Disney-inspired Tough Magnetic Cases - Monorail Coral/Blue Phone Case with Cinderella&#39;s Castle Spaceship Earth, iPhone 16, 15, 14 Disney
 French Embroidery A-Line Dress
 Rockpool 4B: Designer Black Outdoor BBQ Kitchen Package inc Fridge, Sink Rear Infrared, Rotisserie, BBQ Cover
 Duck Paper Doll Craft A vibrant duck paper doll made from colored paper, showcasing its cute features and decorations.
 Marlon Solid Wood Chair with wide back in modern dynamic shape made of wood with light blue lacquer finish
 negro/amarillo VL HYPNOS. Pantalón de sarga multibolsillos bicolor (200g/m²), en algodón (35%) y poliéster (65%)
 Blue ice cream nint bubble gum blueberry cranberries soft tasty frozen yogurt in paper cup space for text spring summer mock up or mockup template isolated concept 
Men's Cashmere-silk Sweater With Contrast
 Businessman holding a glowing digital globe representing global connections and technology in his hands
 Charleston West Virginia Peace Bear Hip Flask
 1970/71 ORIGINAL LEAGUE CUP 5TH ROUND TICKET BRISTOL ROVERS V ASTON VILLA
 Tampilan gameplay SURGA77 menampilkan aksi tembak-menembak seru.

..........

:: EXERCISE AIM ::
Repeat, character for character, the lines of the material above from the line with "Marlon Solid Wood" through the line with "Charleston West Virginia".

:: ANSWER TO THIS PROBLEM ::
 Marlon Solid Wood Chair with wide back in modern dynamic shape made of wood with light blue lacquer finish
 negro/amarillo VL HYPNOS. Pantalón de sarga multibolsillos bicolor (200g/m²), en algodón (35%) y poliéster (65%)
 Blue ice cream nint bubble gum blueberry cranberries soft tasty frozen yogurt in paper cup space for text spring summer mock up or mockup template isolated concept 
Men's Cashmere-silk Sweater With Contrast
 Businessman holding a glowing digital globe representing global connections and technology in his hands
 Charleston West Virginia Peace Bear Hip Flask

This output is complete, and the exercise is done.